After background merging only the following can happen:
    Batch(1+2) | A-10-docs + B-7-docs |
    Batch3: | A-2-docs |
    OR
    Batch(1+2+3)  | A-12-docs + B-7-docs |

Background merges and compactions will never split up child
collections that were executed in the same batch.

So there will never be a state like the following:
    Batch(1+2): | A-10-docs|
    Batch3: | B-7-docs|

This feature is similar to multiple tables in a relational database.

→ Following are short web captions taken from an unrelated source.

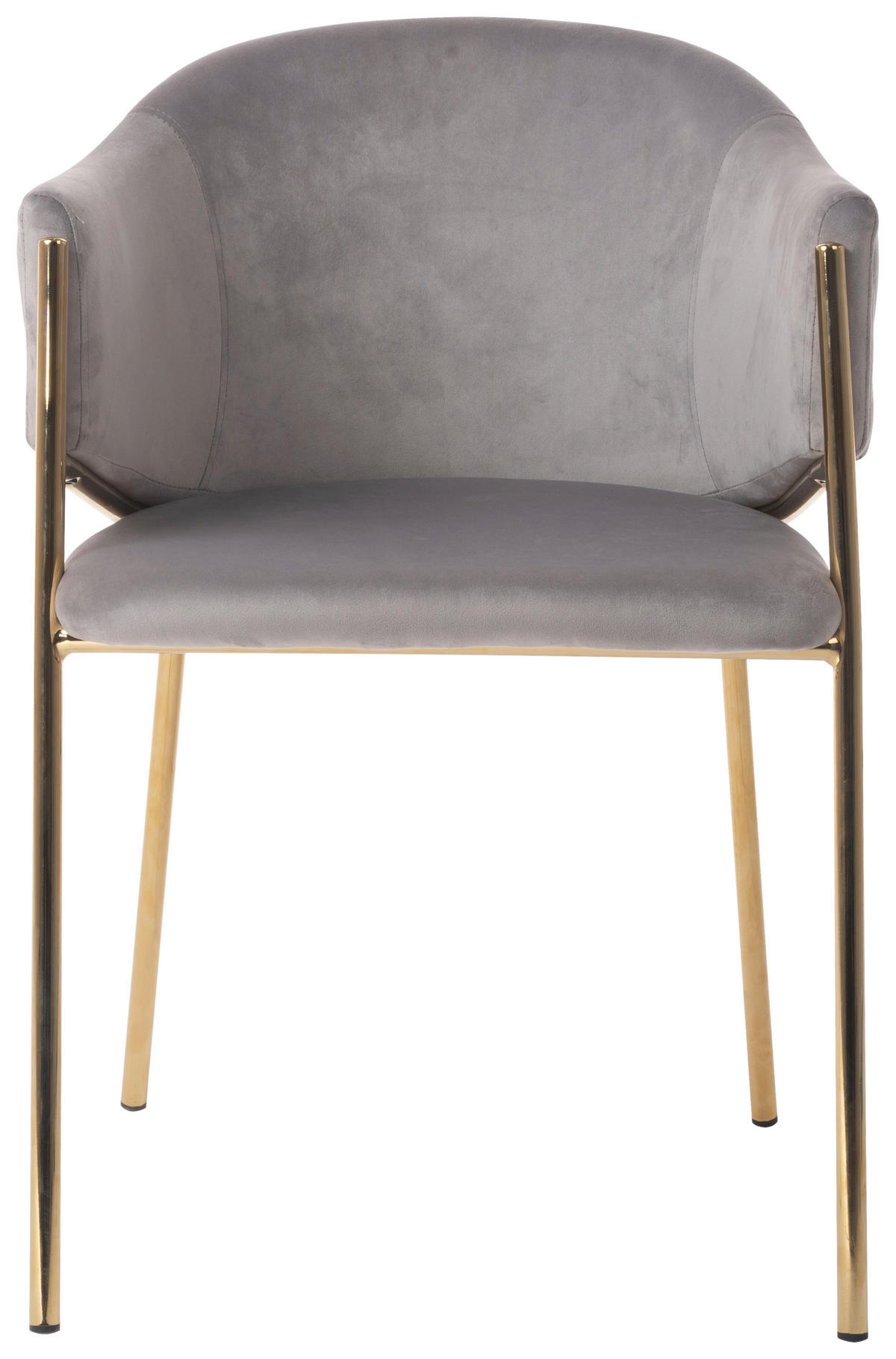 STOLIČKA S PODRÚČKAMI, zamat, sivá, zlatá - sivá/zlatá, Design, kov/textil (60/79/54cm) - Ambia Home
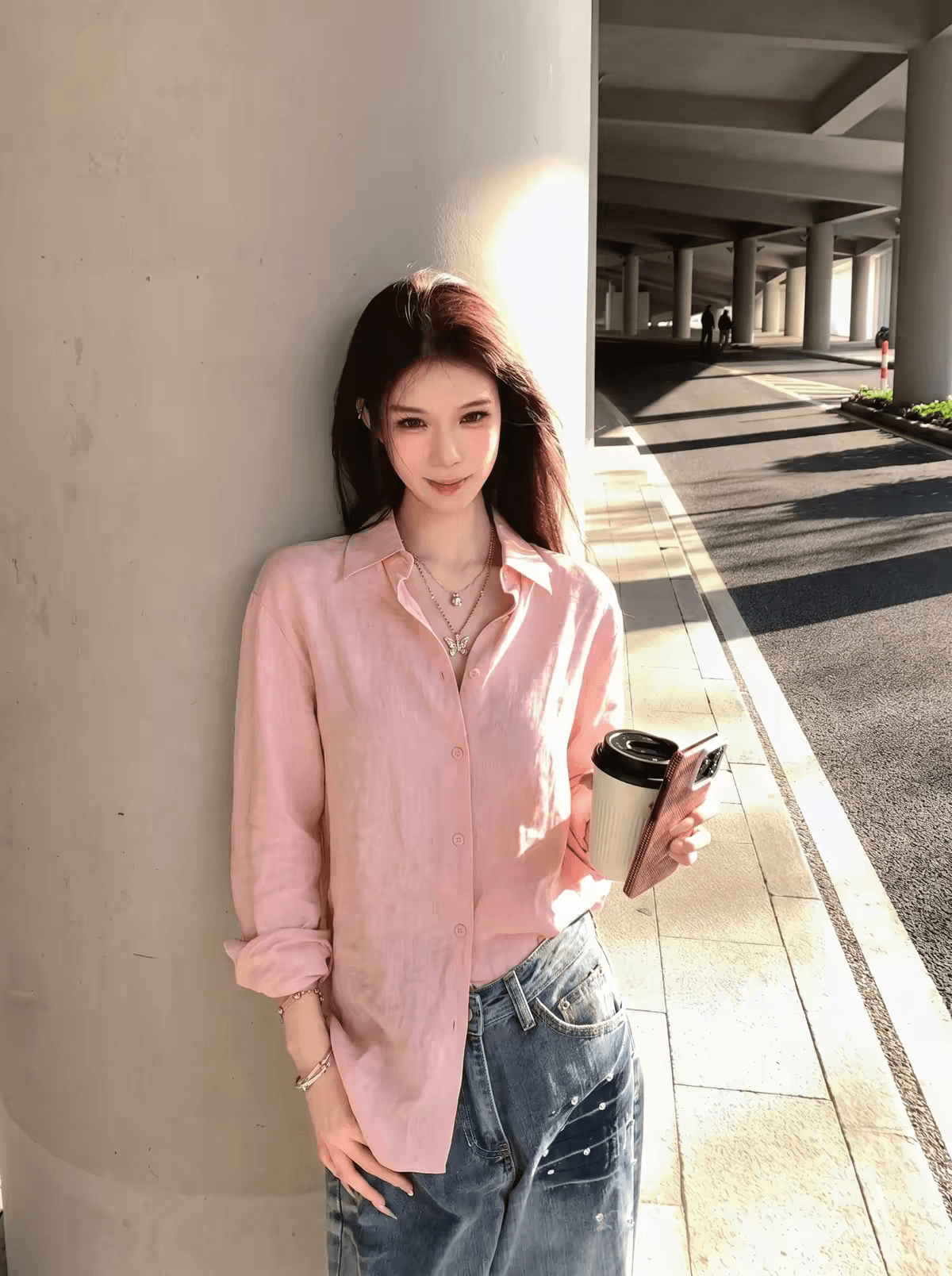 한 부서 핑크색 POLO 칼라 긴팔 여성 셔츠 아마 느슨함 센스 루즈핏 오래된 돈 바람 캐주얼 품격 맨위 상세 이미지 4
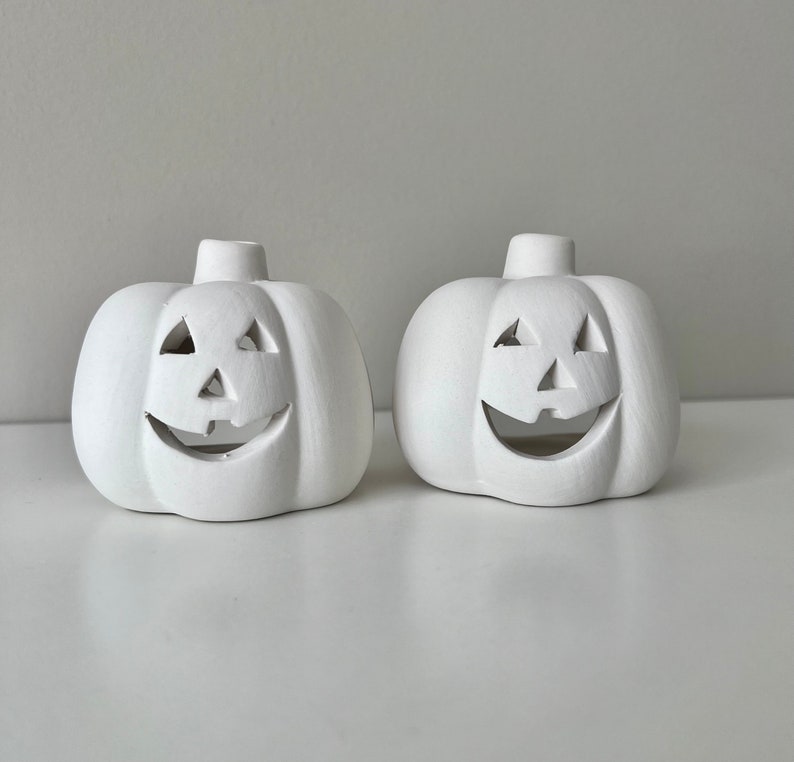 Set of 2 Jack O Lantern, DIY Pumpkin Pottery painting, Pottery painting kit, Ceramic Jack O Lantern, Pumpkin painting kit, DIY pumpkin kit image 5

Here is a usecase: say a collection represents people in an software
company.  The keys are user ids of the employees. Now if the company
wishes to store metadata about its employees, such as number of people
in development, sales, marketing in the same collection, it can do so
by prefixing the user ids with a "role" id. This wastes key space and
makes deletion of employees an expensive operation. Instead the
"roles" can simply be a child collection and the keys in this child
collection can be the actual roles having the count of the number of
employees in each role as the values.

Internally child collections are recursively stored within the
respective Snapshot implementations.

For example segmentStack implements child collection as follows:

    top-level or default collection
    +---------------------+
    | segmentStack        |
    |                     |
    |     segment-2       |
    |     segment-1       |
    |     segment-0       |
    |                     |             child-collection
    |     "roles" => -------------> +---------------------+
    |                     |         | segmentStack        |
    +---------------------+         |                     |
                                    |     segment-2       |
                                    |     segment-1       |
                                    |     segment-0       |
                                    |                     |
                                    +---------------------+

Note: Since child collections are recursively linked with higher
collections, any child collection snapshots opened must be explicity
closed in order to prevent resource leaks.